The consensus is that the EU leadership’s countless meetings on the issue have actually made matters worse. This is partly because of the characters of those involved. The French president, Francois Hollande, and the German chancellor, Angela Merkel, don’t get along. Hollande is overwhelmed by his own internal problems, particularly the evidence of corruption and rule-breaking by members of his government. Merkel is disgusted by the way Hollande runs his affairs and can barely hold her temper when they meet. Hollande’s failure has stiffened Merkel’s resolve to stick to her formula of spending cuts and austerity, which, she insists, is the only way to eliminate the EU’s enormous deficits.

The result has been a breakdown in Franco-German friendship, accompanied by acrimony and mud-slinging. This is a very serious matter, for the Franco-German axis is the essential mechanism that allows the EU to work. Unless it functions smoothly the Union is bound, sooner or later, to dissolve.

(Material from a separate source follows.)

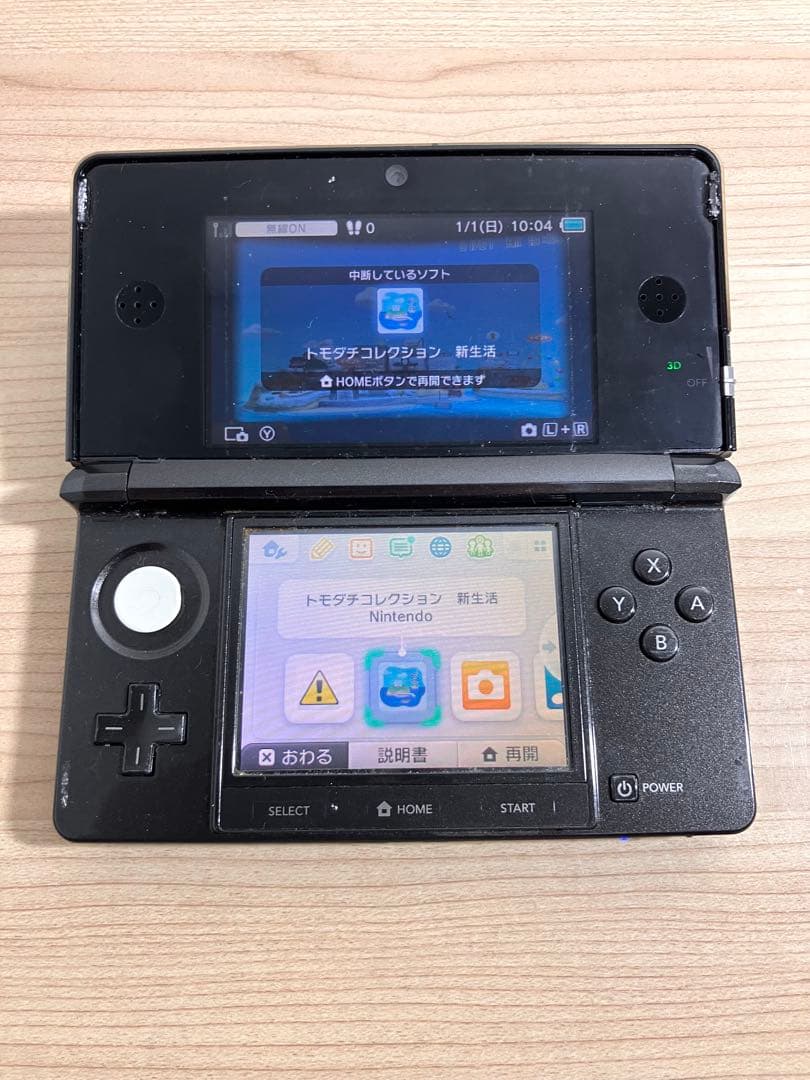 Nintendo Switch NintendoSwitch/PSP3000.1000/Nintendo 3ds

There isn’t much chance of other members bringing the French and Germans together. Spain is crippled by its floundering economy. Italy has only recently managed to form a co alition ministry and is in no position to take its eyes off its own domestic woes. The smaller states, led by Greece, are bitterly anti-German and blame Merkel for all the sacrifices their previous profligacy is now forcing them to make. The Germans themselves believe that if Germany were on its own and didn’t have to bail out bankrupt states like Ireland, Portugal and Greece the banking crisis would be history by now—a pretty universal view among business leaders. Disillusionment among disgruntled voters is seen in the emergence of new and often extreme political parties, which are invading the cozy consensus that has hitherto kept countries loyal to rule by Brussels.

 

RETURN TO REALISM
Hence, no British leader can afford to be seen as being in favor of the EU as a working system. The Liberal Democrats remain keen but are in real danger of being wiped out at the next elections. The Labour Party, in order to solve its own disagreements, is quite capable of turning on the EU. And the Conservatives are mortally threatened by the U.K. Independence Party, which is ferociously anti-EU.

U.S. policy ought to take note of the general air of hostility toward Brussels. Mr. Obama faces the prospect of Britain leaving the EU and of France, Germany, Italy and Spain all weakening their links. This will have little effect on American prosperity, but it is a return to realism that Washington should welcome, if quietly. The United States is a concept that works very well, even in bad times. But that’s no reason to think its structure can be superimposed with success on any other part of the world, particularly when times are terrible.